I was running a container based on the image linuxserver/radarr:3.0.0.3095-ls12.
Once I updated the tag/version to linuxserver/radarr:3.0.0.3807-ls24 the application stopped working.
After debugging a little I noticed that date behaves weirdly in this image:
$ docker run --rm --entrypoint "" linuxserver/radarr:3.0.0.3807-ls24 date Fri 20 Feb 1970 03:17:15 AM UTC $ docker run --rm --entrypoint "" linuxserver/radarr:3.0.0.3807-ls24 date Sun 01 Mar 1970 09:09:15 AM UTC $ docker run --rm --entrypoint "" linuxserver/radarr:3.0.0.3807-ls24 date Thu 19 Feb 1970 09:04:59 AM UTC But the old doesn't
$ docker run --rm --entrypoint "" linuxserver/radarr:3.0.0.3095-ls12 date Sat 10 Oct 2020 12:15:09 AM UTC After meditating for a while, assuming some kind of weird dark magic in the clock, decided to run it with --privileged for full/raw access
$ docker run --rm --entrypoint "" --privileged linuxserver/radarr:3.0.0.3807-ls24 date Sat 10 Oct 2020 12:16:22 AM UTC And it worked well (and so did the app, but not important to the question).
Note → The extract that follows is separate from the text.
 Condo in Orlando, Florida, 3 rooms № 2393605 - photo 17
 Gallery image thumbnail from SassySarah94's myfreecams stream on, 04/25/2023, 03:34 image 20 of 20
I have gone through docker history of both images but a lot of COPY and RUN curl that might have different results between builds. Still, I don't think anyone (image maintainers) would want to mangle with the date, so it must be something out of their control (no libfaketime found)...
This is a multi-arch image and these results are from a raspberry Pi (so the arm build of the image). In my amd64 linux laptop, the latest image reports proper date even without privileged...
What could it be? How can I even start to debug this as I cannot use the --privileged flag?